Questa “stella comune” ha lasciato il segno, proprio in virtù della sua unicità. Ed il motivo è che si tratta di un’antologia musicale strana, quasi difficile sotto certi aspetti, se non altro per la sua doppia valenza di disco a sé stante e di pièce teatrale, che nacque un po’ per caso dalla voglia di questi artisti di lavorare assieme. Il risultato fu uno spettacolo nel 2003, SONG N. 32, un concerto popolare “variabile” il cui filo conduttore è l’acqua, da intendersi in quanto risorsa e non come merce. Uno spettacolo che portò poi alla nascita di questo disco, un viaggio compiuto montando e arrangiando testi diversi e particolari, come i Canti Orfici di Dino Campana, le filastrocche di Gianni Rodari e la poesia di Giacomo Noventa, Ernesto Calzavera, Biagio Marin, Erri De Luca (e Paolini stesso). L’estrema attualità della tematica centrale dello spettacolo (basti pensare ai recenti referendum sull’acqua pubblica e ai numerosissimi movimenti che tuttora si battono per la loro attuazione) rende dunque evidente la ragione per cui, anche a dieci anni dall’uscita, il disco ha ancora molto da dire.

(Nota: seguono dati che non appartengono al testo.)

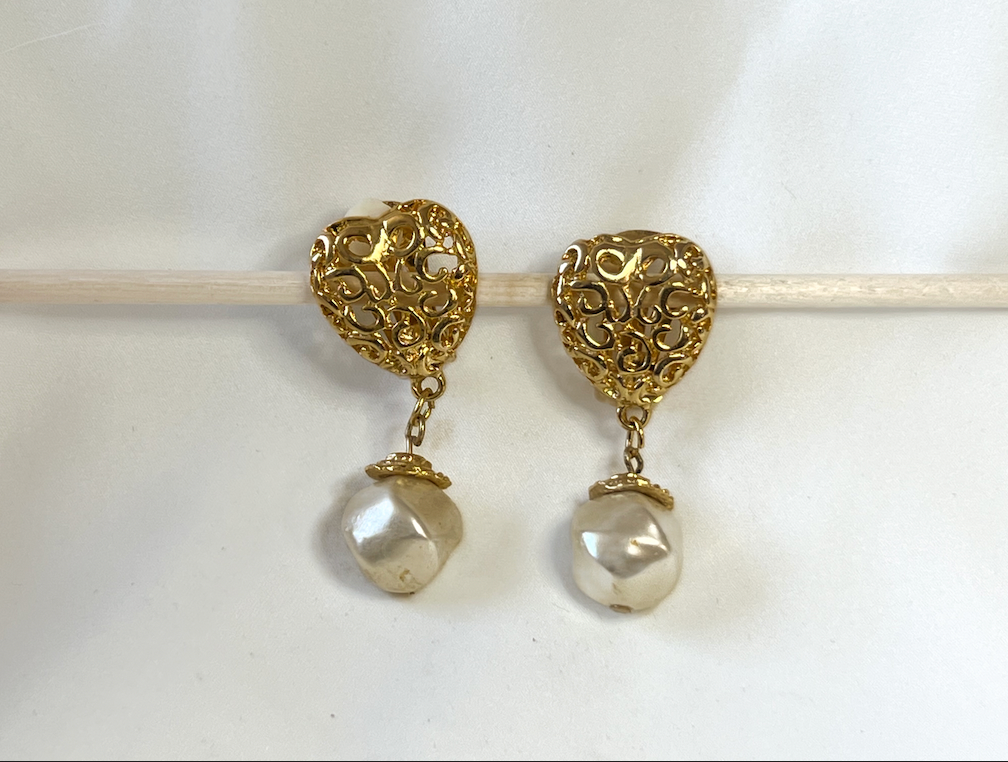 Vintage fillagre heart with textured pearl drop 1980's clip on RENTAL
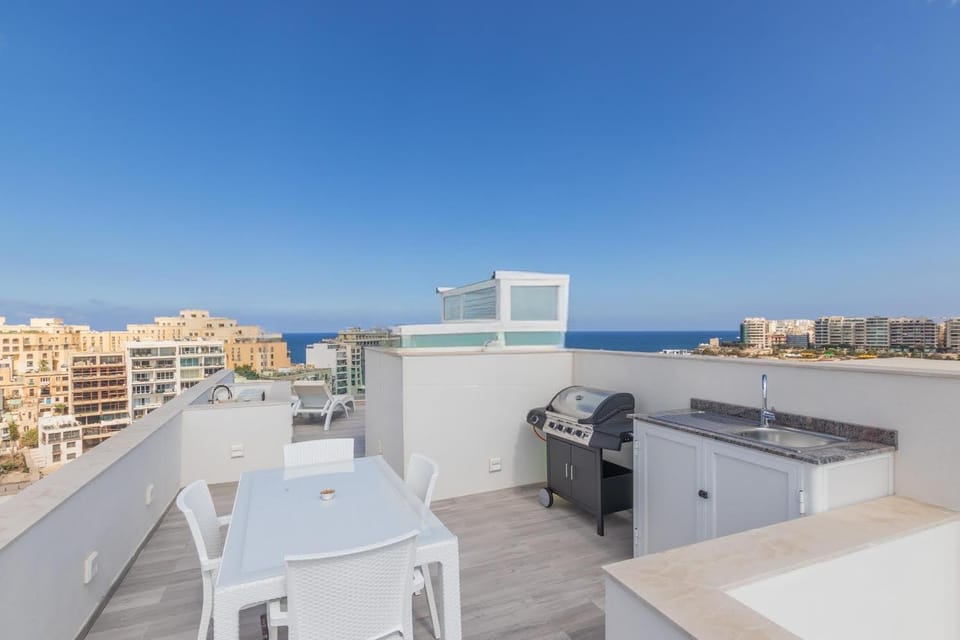Property building, BBQ facilities, Hot Tub, Balcony/Terrace, Seating area, Dining area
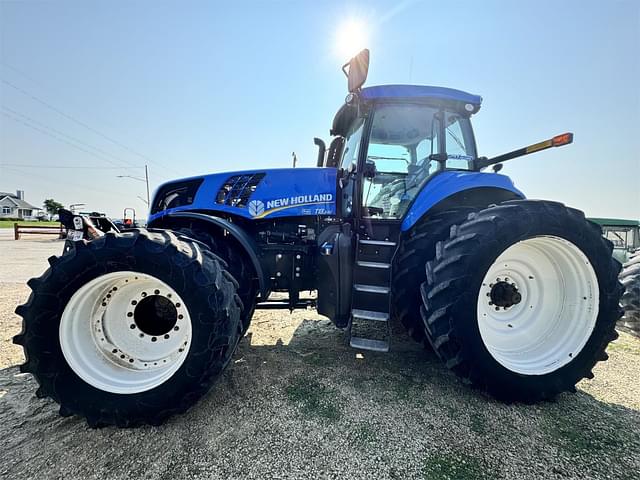 Image of New Holland T8.330 equipment image 1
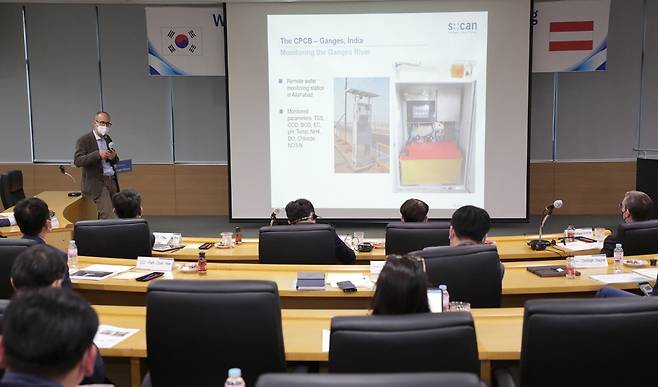 농어촌公, '수질관리디지털전환을위한 전문가초청워크샵'개최 (알렉산드로 모라 이사가 다분광센서 활용에 대해 발표)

I Mercanti di Liquore regalano una grande prova d’autore: Lorenzo Monguzzi, con la sua voce calda e intensa, seppur pacata, accompagnato dalla chitarra di Simone Spreafico e dalla fisarmonica di Piero Mucili, avvolge noi “spettatori” con melodie trascinanti, quasi sentimenti in forma di note: non c’è mai una accavallarsi tra la componente melodica ed il recitato di Marco Paolini. Un effetto forte, ammaliante, che strega e non molla tanto facilmente. A sua volta l’attore offre il suo meglio sia con l’arte comica (come in Re Federico) che attraverso interpretazioni decisamente più serie, come in Il sergente nella neve, magnifico brano che mescola un estratto da Mario Rigoni-Stern e La Tradotta di Rodari (autore che, in quanto a citazioni, fa un po’ la parte del leone in tutto l’album).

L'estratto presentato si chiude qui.